[PATCH 2/2] [i386] PR82002 Part 2: Correct non-immediate offset/invalid INSN
Daniel Santos
daniel.santos@pobox.com
Thu Nov 2 22:37:00 GMT 2017
On 10/31/2017 04:31 AM, Uros Bizjak wrote:
> On Tue, Oct 31, 2017 at 3:09 AM, Daniel Santos <daniel.santos@pobox.com> wrote:
>> When we are realigning the stack pointer, making an ms_abi to sysv_abi
>> call and alllocating 2GiB or more on the stack we end up with an invalid
>> INSN due to a non-immediate offset. This occurs both with and without
>> -mcall-ms2sysv-xlogues. Additionally, I've discovered that the stack
>> allocation with -mcall-ms2sysv-xlogues is incorrect as it ignores stack
>> checking, stack clash checking and probing.
>>
>> This patch fixes these problems by
>>
>> 1. No longer allocate stack space in ix86_emit_outlined_ms2sysv_save.
>> 2. Rearrange where we emit SSE saves or stub call:
>> a. Before frame allocation when offset from frame to save area is >= 2GiB.

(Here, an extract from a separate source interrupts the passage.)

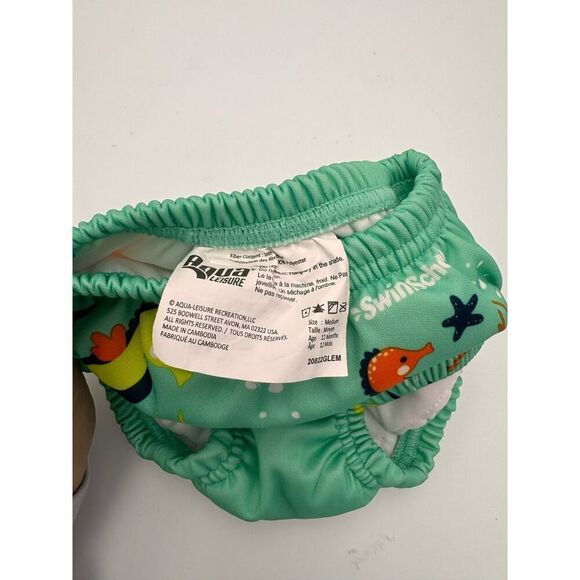 Aqua Leisure Reusable Swim Diaper Baby Medium Green 100% Polyester Outdoor - Picture 2 of 2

>> b. After frame allocation when frame is < 2GiB. (Stack allocations
>> prior to the stub call can't be combined with those afterwards, so
>> this is better when possible.)
>> 3. Modify choose_baseaddr to take an optional scratch_regno argument
>> and never return rtx that cannot be used as an immediate.
>>
>> gcc:
>> config/i386/i386.c (choose_basereg): Use optional scratch
>> register and add assertion.
>> (x86_emit_outlined_ms2sysv_save): use scratch register when
>> needed, and don't allocate stack.
>> (ix86_expand_prologue): Rearrange where SSE saves/stub call is
>> emitted, correct wrong allocation with -mcall-ms2sysv-xlogues.
>> (ix86_emit_outlined_ms2sysv_restore): Fix non-immediate offsets.
>>
>> gcc/testsuite:
>> gcc.target/i386/pr82002-2a.c: Change from xfail to fail.

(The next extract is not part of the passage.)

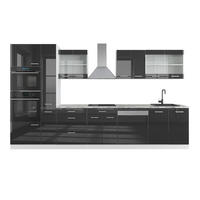 PENTRY R-Line Antracit högblank/vit 350 cm med högskåp, utan bänkskiva - Vit/Svart högglans, Träbaserade material (350/206.8/46cm) - Vicco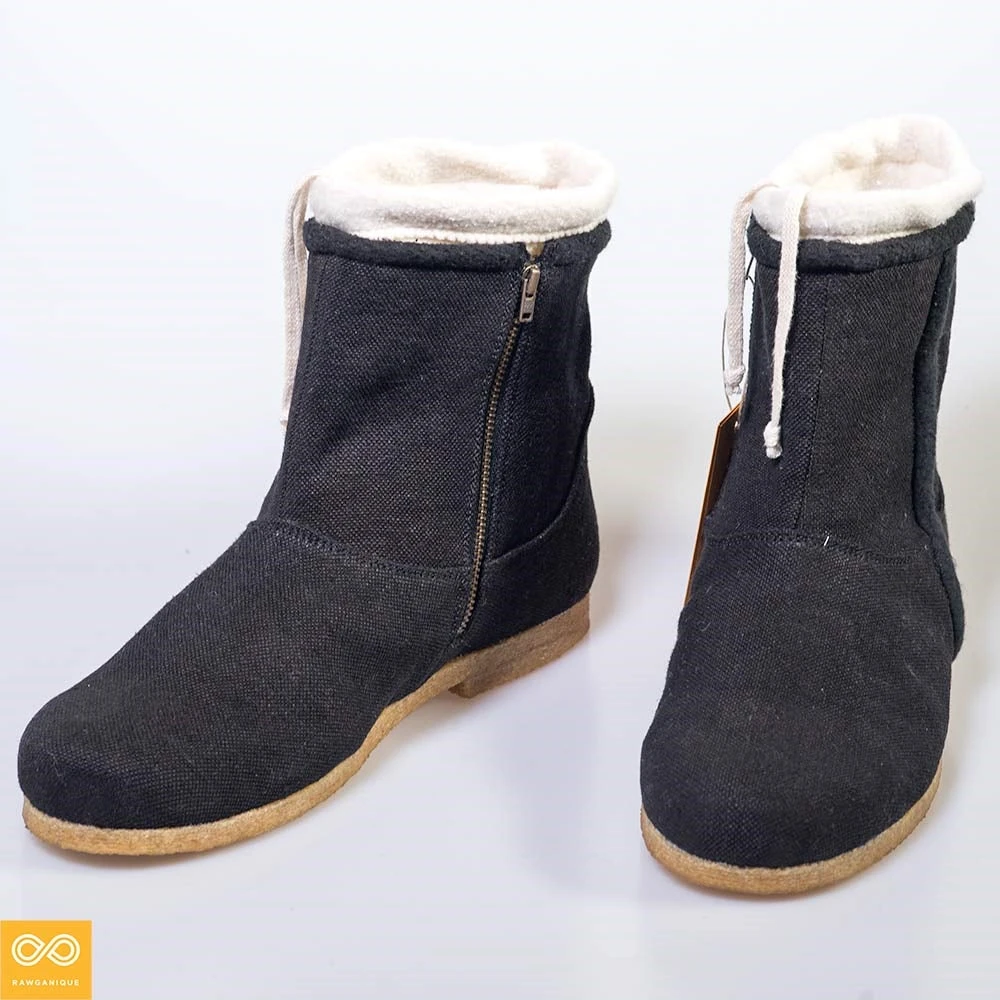 BOSTONEER Unisex Warm Urban Hemp Boots with Organic Booties - Women's & Men's Sizes 9 Shoes Women’s Footwear BOSTONEER Unisex Warm Urban Hemp Boots (With Organic Booties) (Women's & Men's Sizes)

>> gcc.target/i386/pr82002-2b.c: Likewise.
>>
>> Signed-off-by: Daniel Santos <daniel.santos@pobox.com>
>> ---
>> gcc/config/i386/i386.c | 76 ++++++++++++++++++++++++------
>> gcc/testsuite/gcc.target/i386/pr82002-2a.c | 2 -
>> gcc/testsuite/gcc.target/i386/pr82002-2b.c | 2 -
>> 3 files changed, 62 insertions(+), 18 deletions(-)
>>
>> diff --git a/gcc/config/i386/i386.c b/gcc/config/i386/i386.c
>> index 83a07afb3e1..abd8e937e0d 100644
>> --- a/gcc/config/i386/i386.c
>> +++ b/gcc/config/i386/i386.c
>> @@ -11520,7 +11520,8 @@ choose_basereg (HOST_WIDE_INT cfa_offset, rtx &base_reg,
>> The valid base registers are taken from CFUN->MACHINE->FS. */
>>
>> static rtx
>> -choose_baseaddr (HOST_WIDE_INT cfa_offset, unsigned int *align)

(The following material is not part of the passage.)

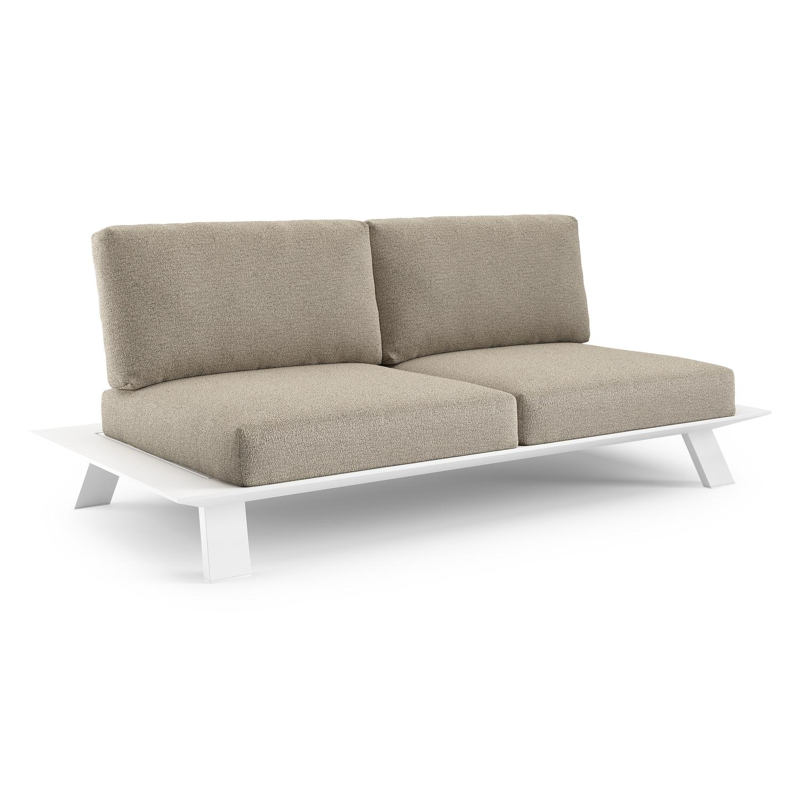 Cesano loungebank in wit aluminium met catania beige all weather Cosytica kussen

>> +choose_baseaddr (HOST_WIDE_INT cfa_offset, unsigned int *align,
>> + int scratch_regno = -1)
>> {
>> rtx base_reg = NULL;
>> HOST_WIDE_INT base_offset = 0;
>> @@ -11534,6 +11535,28 @@ choose_baseaddr (HOST_WIDE_INT cfa_offset, unsigned int *align)
>> choose_basereg (cfa_offset, base_reg, base_offset, 0, align);
>>
>> gcc_assert (base_reg != NULL);
>> +
>> + if (TARGET_64BIT)
>> + {
>> + rtx base_offset_rtx = GEN_INT (base_offset);
>> +
>> + if (scratch_regno >= 0)
>> + {
>> + if (!x86_64_immediate_operand (base_offset_rtx, DImode))
>> + {
>> + rtx tmp;
>> + rtx scratch_reg = gen_rtx_REG (DImode, scratch_regno);
>> +
>> + emit_insn (gen_rtx_SET (scratch_reg, base_offset_rtx));
>> + tmp = gen_rtx_PLUS (DImode, scratch_reg, base_reg);
>> + emit_insn (gen_rtx_SET (scratch_reg, tmp));
>> + return scratch_reg;
>> + }
>> + }
>> + else
>> + gcc_assert (x86_64_immediate_operand (base_offset_rtx, DImode));
>> + }
>> +
>> return plus_constant (Pmode, base_reg, base_offset);
>> }
> This function doesn't need to return a register, it can return plus
> RTX. I'd suggest the following implementation:
>
> --cut here--
> Index: i386.c
> ===================================================================
> --- i386.c (revision 254243)
> +++ i386.c (working copy)
> @@ -11520,7 +11520,8 @@
> The valid base registers are taken from CFUN->MACHINE->FS. */
>
> static rtx
> -choose_baseaddr (HOST_WIDE_INT cfa_offset, unsigned int *align)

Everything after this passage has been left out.